Lo sbarco in Normandia, compiuto
dagli alleati ad ovest, e l'Operazione Bagration, condotta con successo
a est dall'Unione Sovietica, avevano costretto le truppe tedesche a ripiegare
sempre più entro i confini nazionali. In particolare da questo secondo versante
sembrava profilarsi la minaccia più grave e più temuta per via della
proverbiale ferocia dell'Armata Rossa. Fino all'ultimo, infatti, Adolf
Hitler e i suoi generali sperarono che fossero gli Alleati ad entrare
per primi a Berlino.
Purtroppo per loro gli Angloamericani non ne
avevano la minima intenzione e avevano già messo in conto che alla fine della
guerra quell'area sarebbe finita sotto il controllo dei Russi. Questi ultimi a
loro volta, attraverso lo stesso Josif Stalin, non avevano fatto
mistero delle loro mire sulla capitale tedesca, sia dal punto di vista della
conquista geografica, sia pensando al prezioso materiale del programma atomico
tedesco. Pertanto, una volta conquistate Ungheria, Romania, Bulgaria e Polonia
si videro la strada spianata verso il cuore del Terzo Reich.

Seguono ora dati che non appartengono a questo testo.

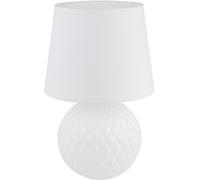 TK Lighting Santana lampe de table 1x15 W blanc 16046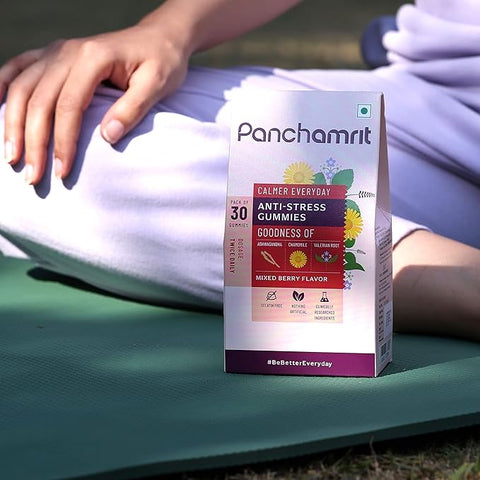 Panchamrit Anti-stress Gummies with Ashwagandha, Chamomile and Valerian Root 30 Gummies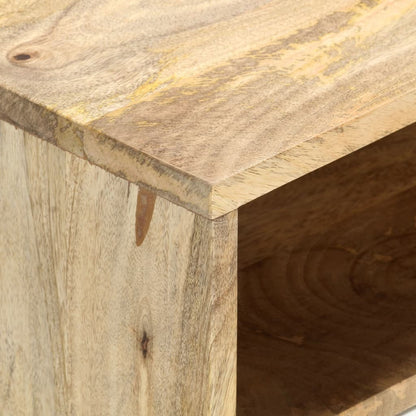 Tv Stolek 110 X 35 X 48 Cm Masivní Mangovníkové Dřevo Hnědá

Giunta con un'avanzata senza sosta a 60
chilometri da Berlino, lungo il fiume Oder, l'Armata Rossa si posizionò in
attesa del momento propizio. Nel frattempo, al sicuro nel suo bunker, Hitler
farneticava ancora su una possibile vittoria ordinando ai suoi generali di
combattere fino all'ultima goccia di sangue. In molti tra loro sapevano che si
trattava di una battaglia persa, per via dei sempre più scarsi mezzi militari a
disposizione e per le pesanti perdite umane e materiali subite con i bombardamenti
alleati.
In veste di primo ministro, Joseph
Goebbels ricorse a tutta la retorica delirante della propaganda
nazista, per convincere i berlinesi che si poteva resistere e spingere anche i
più anziani e i giovanissimi a dare il proprio contributo, arruolandosi
nella milizia popolare del Volkssturm. Schierati al fianco di unità
sparse di esercito, aviazione e marina, andarono a formare un corpo di 94mila
uomini che, armato alla men peggio, avrebbe dovuto tenere testa a una corazzata
di 464mila soldati, 1.500 carri armati e 12.700 cannoni.

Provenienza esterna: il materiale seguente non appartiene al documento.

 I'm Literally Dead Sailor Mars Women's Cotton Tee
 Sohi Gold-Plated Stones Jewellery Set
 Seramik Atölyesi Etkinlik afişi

La disparità delle forze in campo non evitò ai
Sovietici di incontrare una tenace resistenza nella fase iniziale dell'attacco,
che partì ufficialmente all'alba del 16 aprile 1945. Quattro giorni dopo
iniziarono a bombardare Berlino, mandando ko la rete elettrica e del gas e
gettando nel terrore i cittadini, al cui orecchio cominciavano a giungere i
racconti dei primi profughi tedeschi sugli stupri e le atrocità commessi dai
soldati russi a discapito dei civili.
Il 30 aprile, in concomitanza con l'avanzata
sovietica verso il centro della capitale, Hitler ed Eva Braun si tolsero la
vita, dopo essersi sposati. Due giorni dopo, alle 7 di mattina del 2 maggio, il
Generale Weidling dichiarò il cessate il fuoco. Berlino era sotto il controllo
dell'Armata Rossa, sancito dall'occupazione del Reichstag (sede del parlamento)
e dalla bandiera rossa issata sulla Porta di Brandeburgo.

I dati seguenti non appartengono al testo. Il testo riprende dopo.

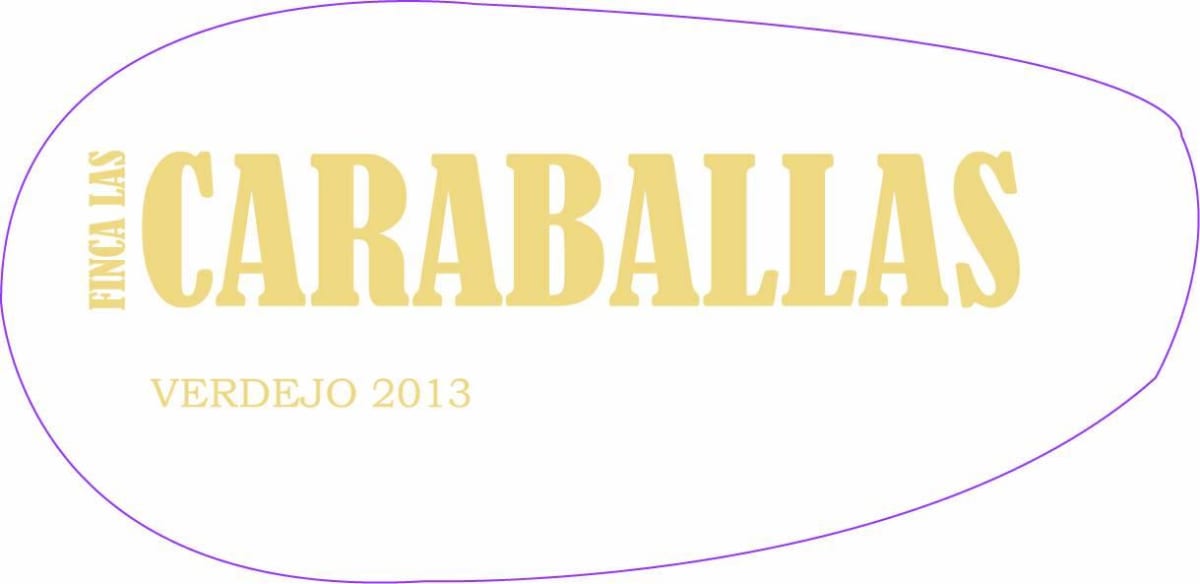 Finca Las Caraballas Verdejo 2013 Front Label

La Battaglia di Berlino pose
fine alla Seconda guerra mondiale nel contesto europeo, mentre restava ancora
aperto il fronte del Pacifico che vedeva contrapposti Stati Uniti e Giappone.
Il destino della capitale tedesca, già pianificato con la conferenza di
Jalta (febbraio 1945), si delineò nell'estate dello stesso anno con la
suddivisione in quattro settori controllati dalle nazioni vincitrici (Unione
Sovietica, Stati Uniti d'America, Regno Unito), più la Francia.
L'inasprirsi dei rapporti tra i due blocchi,
occidentale e sovietico, portò alla sciagurata decisione dei russi di
innalzare, nella notte tra il 12 e il 13 agosto del 1961, un muro destinato
a dividere per 28 anni la Germania dell'Est da quella dell'Ovest e a diventare
triste simbolo di un mondo diviso dalla guerra fredda.